▸ **TASK INSTRUCTIONS**
Your answer must be exactly the lines from the one containing "Building Photo - 3642 Griggs Rd" through the end of the material, both ends included, without pictures.

▸ **DATASET SECTION**
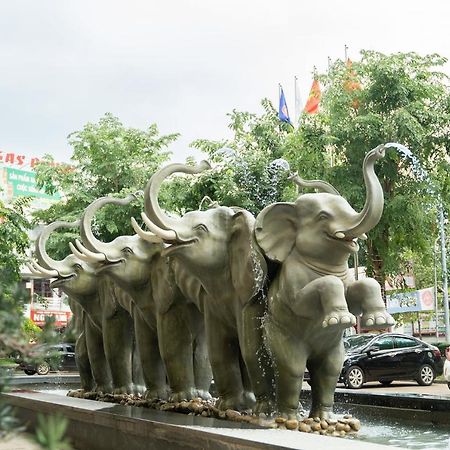 Elephants Hotel Buôn Ma Thuột Zewnętrze zdjęcie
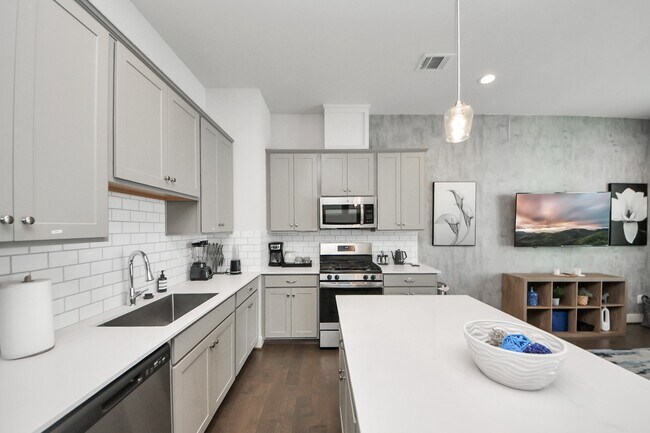 Building Photo - 3642 Griggs Rd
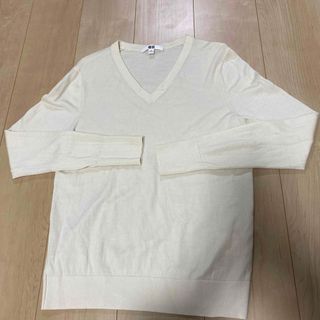 ユニクロ(UNIQLO)のUNIQLO☆ニット☆美品☆中古☆Vネック(ニット/セーター)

▸ **SOLUTION TO THIS TASK**
 Building Photo - 3642 Griggs Rd
 ユニクロ(UNIQLO)のUNIQLO☆ニット☆美品☆中古☆Vネック(ニット/セーター)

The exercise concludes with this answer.